So I have been pondering quietly, searching within myself what I am truly seeking for in this lifetime of mine. I have not reached an answer, but I have met with a few findings – some of my own make and some of others.
Crossing 30 was not easy. I have endlessly tortured myself with comparison charts, goals and objectives lists unaccomplished and many more. We all try to get our lives in order and so we start to plan. For some, these plans act like guidelines but for others, they become benchmarks - must meet it.
It is surprising how such a simple task of planning can take a life of its own, with a streak of hell in it. I have been one of those persons who have planned and planned but forgotten to live and enjoy myself. I have unnecessarily immersed myself in self-torture, pity and misery all of my own make, all because I have not been able to achieve "ALL" that I had planned to.
One word that encompasses all that rubbish is "stupidity".
Well, for those reading this blog, you will agree with me if I said that this cruel world has defined parameters of success rather harshly, which includes the following:
- A masters degree (preferably medicine)
- A job that pays 6 figures
- Annual vacations abroad
- Happy marriage to someone rich and handsome (rich is better and better still with good financial inheritance)
- Kids
- A big home, 2 cars and a helper at home
- Associations with friends and acquaintances who are successful
As shallow as they may seem, these are your minimum requirements to obtain a clean bill of success. No amount of education or realization can seem to cure our hunger to meet those requirements. I have been on this bandwagon of wannabes. It is shameful but it is the glaring truth for many.

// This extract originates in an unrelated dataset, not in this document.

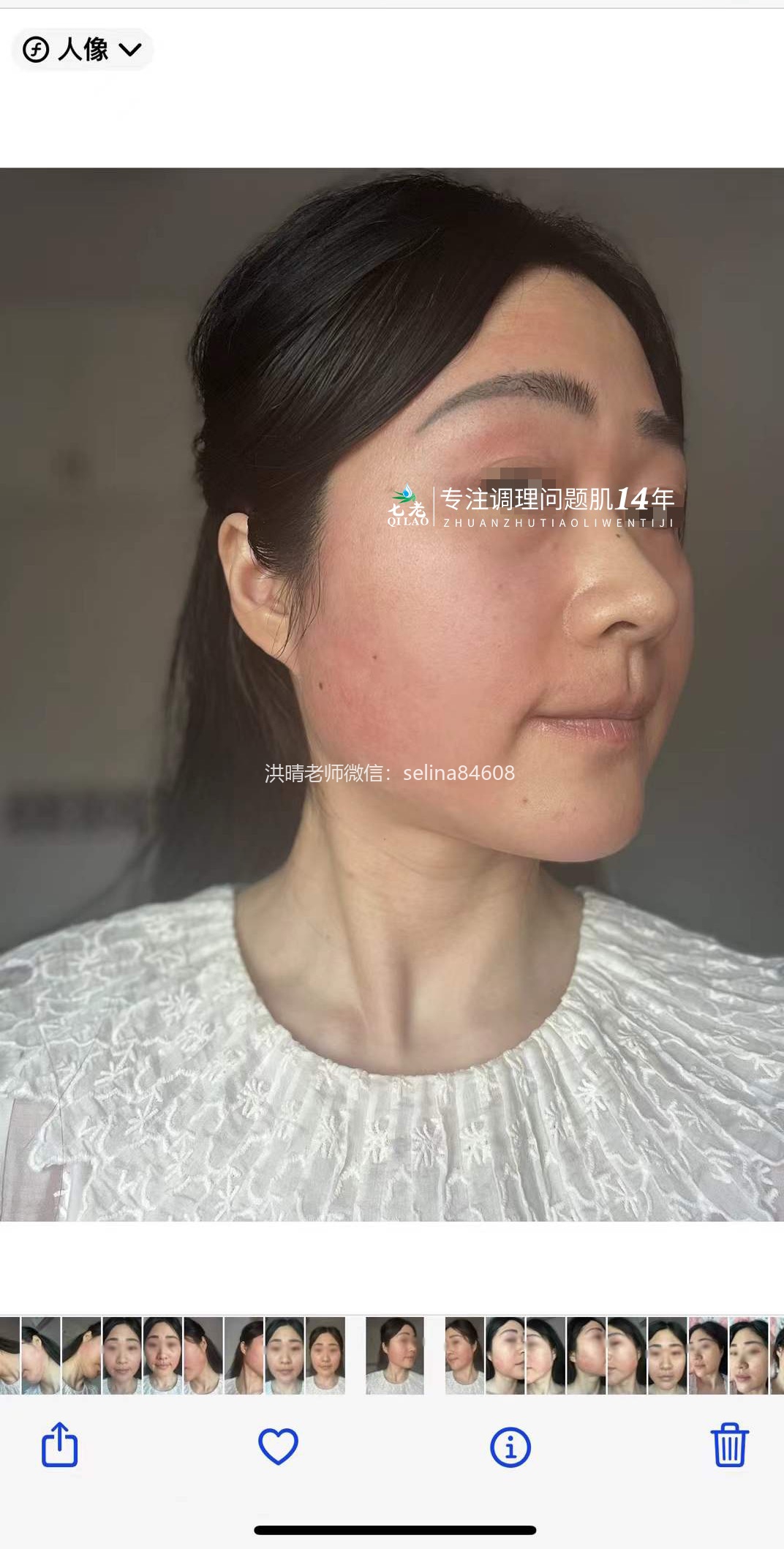 七老反复过敏修护案例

I have been so hard on myself these last several months analyzing and post analyzing every step of my life, every decision I have made and others have made for me. Are the standards I am trying to reach too high? Whose standards do I want to meet? Why am I not happy?
My father of 65 years convinced me that there is no need to be troubled. For someone who has conducted umpteen cycles of introspective analysis, his conclusions are good enough to be believed. He said “Every decision one makes depends on one’s circumstance and the available information and opportunities relevant to that time. They clearly are the best ones of that time. But one never knows if one will turn out to be successful or not until at the very end. They are like post-mortem conclusions where a doctor says that the patient may not have died had he done things in a different way. The patient did his best with what he had and what he knew and what was relevant to his time - but who cares? After all, it's so easy to pass judgements when all is over, right?”
He also added “It does not end just with these decisions. There are events which better these decisions or make you regret them for the rest of your life. Some opportunities come by which you take your chances on – these opportunities are your life changing or life breaking events. In conclusion, one never really knows the outcome of one’s life. So there is no point in fretting – just live your life one day at a time, enjoy it like you might not have a tomorrow.”
I think I learnt a life lesson here. It is to attribute one's decisions to those events and circumstances that have shaped the course of one's life. What about you??